▶ [DATASET CONTENT]:

+ + + + + + +

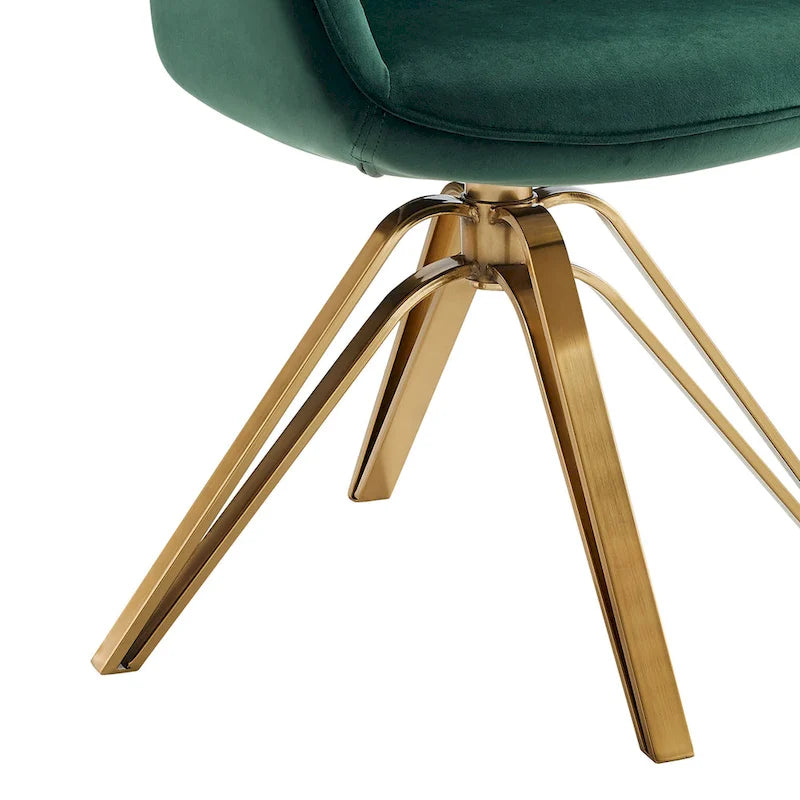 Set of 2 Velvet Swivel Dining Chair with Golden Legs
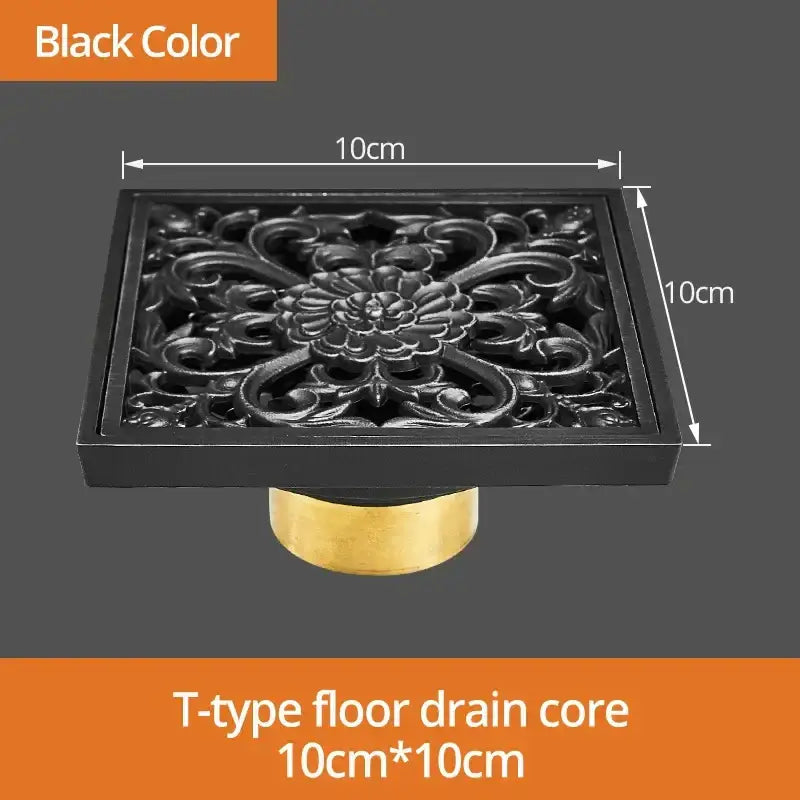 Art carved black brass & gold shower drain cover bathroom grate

+ + + + + + +

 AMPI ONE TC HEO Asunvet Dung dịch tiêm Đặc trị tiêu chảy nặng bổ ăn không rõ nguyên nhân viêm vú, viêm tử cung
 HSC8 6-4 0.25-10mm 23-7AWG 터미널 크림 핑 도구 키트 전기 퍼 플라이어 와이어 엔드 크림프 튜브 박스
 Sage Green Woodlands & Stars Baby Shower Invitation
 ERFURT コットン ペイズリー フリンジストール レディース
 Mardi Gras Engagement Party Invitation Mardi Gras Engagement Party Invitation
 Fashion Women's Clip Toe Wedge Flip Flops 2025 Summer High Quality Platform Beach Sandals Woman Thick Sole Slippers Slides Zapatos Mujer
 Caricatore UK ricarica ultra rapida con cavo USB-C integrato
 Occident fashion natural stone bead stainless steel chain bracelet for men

+ + + + + + +

▶ [EXERCISE BRIEF]: Whenever the word "Invitation" occurs in a line of the listing above, return that line.

▶ [TASK RESULT]:
 Sage Green Woodlands & Stars Baby Shower Invitation
 Mardi Gras Engagement Party Invitation Mardi Gras Engagement Party Invitation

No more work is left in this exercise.